**What to do**
Which lines of the listing below contain the word "Ivory"? Copy each of them.

+---+

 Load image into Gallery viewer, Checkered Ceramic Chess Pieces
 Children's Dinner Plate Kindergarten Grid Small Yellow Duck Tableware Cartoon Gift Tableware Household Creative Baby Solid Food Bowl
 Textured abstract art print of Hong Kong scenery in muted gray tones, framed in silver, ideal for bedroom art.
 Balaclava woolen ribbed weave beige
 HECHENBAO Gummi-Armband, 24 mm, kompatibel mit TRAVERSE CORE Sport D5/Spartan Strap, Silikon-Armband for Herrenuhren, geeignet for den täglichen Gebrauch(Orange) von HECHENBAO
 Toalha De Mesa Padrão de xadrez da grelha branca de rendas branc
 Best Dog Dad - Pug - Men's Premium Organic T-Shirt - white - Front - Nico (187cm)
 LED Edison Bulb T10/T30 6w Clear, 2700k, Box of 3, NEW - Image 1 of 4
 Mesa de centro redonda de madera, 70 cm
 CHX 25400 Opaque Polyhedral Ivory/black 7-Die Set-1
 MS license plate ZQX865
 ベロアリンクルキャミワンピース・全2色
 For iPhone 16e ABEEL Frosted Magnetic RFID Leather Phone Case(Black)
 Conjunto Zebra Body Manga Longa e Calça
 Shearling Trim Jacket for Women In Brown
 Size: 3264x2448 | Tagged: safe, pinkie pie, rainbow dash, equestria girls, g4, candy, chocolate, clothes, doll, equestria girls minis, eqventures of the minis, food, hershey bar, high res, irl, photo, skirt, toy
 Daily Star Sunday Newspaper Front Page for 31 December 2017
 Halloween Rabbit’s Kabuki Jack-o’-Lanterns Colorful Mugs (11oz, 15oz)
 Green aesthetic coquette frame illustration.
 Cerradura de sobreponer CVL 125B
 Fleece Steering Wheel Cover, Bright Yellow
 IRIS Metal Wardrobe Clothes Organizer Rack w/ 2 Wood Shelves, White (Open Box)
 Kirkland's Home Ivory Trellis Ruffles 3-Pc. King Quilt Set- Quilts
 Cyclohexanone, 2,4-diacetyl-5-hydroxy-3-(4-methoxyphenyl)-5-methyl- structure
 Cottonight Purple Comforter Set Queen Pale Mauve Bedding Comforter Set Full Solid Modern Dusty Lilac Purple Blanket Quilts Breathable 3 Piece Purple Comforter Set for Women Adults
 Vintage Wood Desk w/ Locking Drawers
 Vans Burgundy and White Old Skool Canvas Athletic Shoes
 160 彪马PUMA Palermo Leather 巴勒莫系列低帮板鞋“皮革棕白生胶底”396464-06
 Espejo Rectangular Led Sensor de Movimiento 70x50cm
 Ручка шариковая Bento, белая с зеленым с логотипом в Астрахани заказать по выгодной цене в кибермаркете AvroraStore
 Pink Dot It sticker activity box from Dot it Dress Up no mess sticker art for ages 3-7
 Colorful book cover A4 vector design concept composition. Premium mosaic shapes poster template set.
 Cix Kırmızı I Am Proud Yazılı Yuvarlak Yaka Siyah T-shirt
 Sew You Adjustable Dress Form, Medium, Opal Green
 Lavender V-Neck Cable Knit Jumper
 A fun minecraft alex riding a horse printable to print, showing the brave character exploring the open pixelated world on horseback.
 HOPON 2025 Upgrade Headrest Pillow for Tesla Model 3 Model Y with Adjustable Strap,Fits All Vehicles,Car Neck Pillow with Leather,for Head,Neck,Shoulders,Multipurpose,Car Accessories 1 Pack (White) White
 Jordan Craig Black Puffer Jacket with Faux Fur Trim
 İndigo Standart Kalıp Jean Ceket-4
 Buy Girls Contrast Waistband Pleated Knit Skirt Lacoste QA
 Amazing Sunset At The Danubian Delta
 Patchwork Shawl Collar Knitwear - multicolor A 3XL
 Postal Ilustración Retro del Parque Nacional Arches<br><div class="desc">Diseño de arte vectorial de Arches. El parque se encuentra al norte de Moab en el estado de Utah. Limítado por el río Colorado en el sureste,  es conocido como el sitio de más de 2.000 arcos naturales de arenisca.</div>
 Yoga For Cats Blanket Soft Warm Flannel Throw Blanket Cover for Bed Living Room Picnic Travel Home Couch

+---+

**Result for this task**
 CHX 25400 Opaque Polyhedral Ivory/black 7-Die Set-1
 Kirkland's Home Ivory Trellis Ruffles 3-Pc. King Quilt Set- Quilts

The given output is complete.